Kaldı ki; iyi öğretmen bulma ve atama gayretinde samimi olunsaydı, eğitim fakültelerine giriş için önce öğrencilere YKS’de ilk 300binde olma şartını getirip ardından diğer bölümlerin de formasyon alabilmesinin yolu açılmazdı. 3. veya 10. olmanın fark yaratmadığı bir yarışta kimse daha fazla gayret gösterme peşinde olmaz.
Kaliteli insan gücü ve zanaatkar yetiştirmenin en temel kuralı ise çekirdekten insan yetiştirmektir. Öğretmenlik mesleğinde çekirdekten yetişmenin temsilcisi olan Anadolu Öğretmen Liseleri’nin kapatılması ile bir gelenek yok edildi.

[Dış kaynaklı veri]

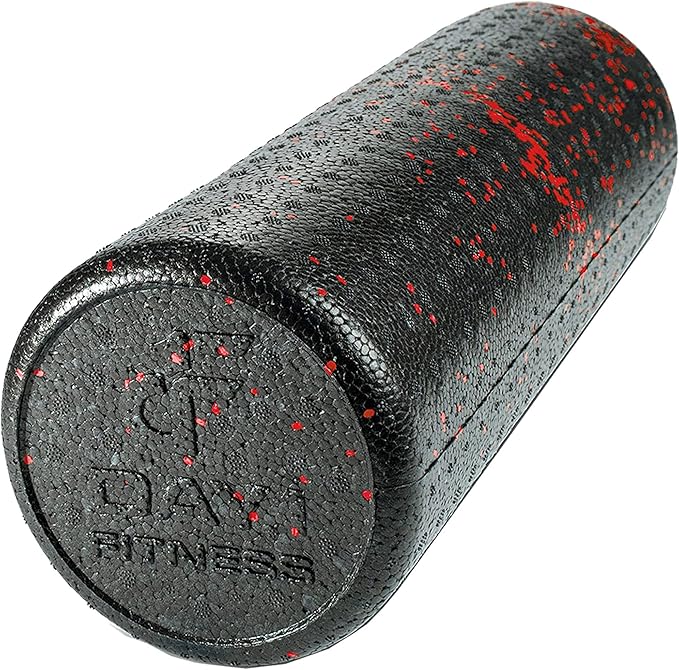 Day 1 Fitness High Density Muscle Foam Rollers - Sports Massage Rollers for Stretching, Physical Therapy, Deep Tissue, Myofascial Release - Ideal for Exercise and Pain Relief - Speckled Red, 18”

Binanın temelinden bir taş çekildi ama yerine başka bir dayanak konulmadı. Formasyon kartının çekilmesinin bedeli ise atanamayan öğretmenler ordusuna yeni neferler katarak ödendi ve ödenmeye devam ediyor.
Bunların hepsinden önemli olan ise öğretmenlerin gelişimi için maddi veya manevi motivasyon kaynağı üretilemedi. Eldeki kaynaklar da israf yoluyla tüketildi. Bir MEB bakanının projelerini diğeri geldi çöpe attı. Kariyer adıyla sunulan sistem ise basit bir test sınavından başka birşey değil. Zorunlu hizmet politikası, eğitimde şiddet sorunu, yardımcı personel sayısının yetersizliği, düşük maaşlar gibi temel sıkıntılar çözülemedi. Zor şartlarda çalışan öğretmenlerin kira yardımı ve yol yardımı gibi desteklere ihtiyacı var. Seçmeli derslerde bile yaptığınız küçük bir değişiklik, binlerce öğretmeni norm fazlası durumuna düşürüp sıkıntıya sokuyor. Ayrıca günümüzde ek ders ücretinin saatlik 50 lirada kalması bile meslek itibarı açısından yeterince zedeleyicidir.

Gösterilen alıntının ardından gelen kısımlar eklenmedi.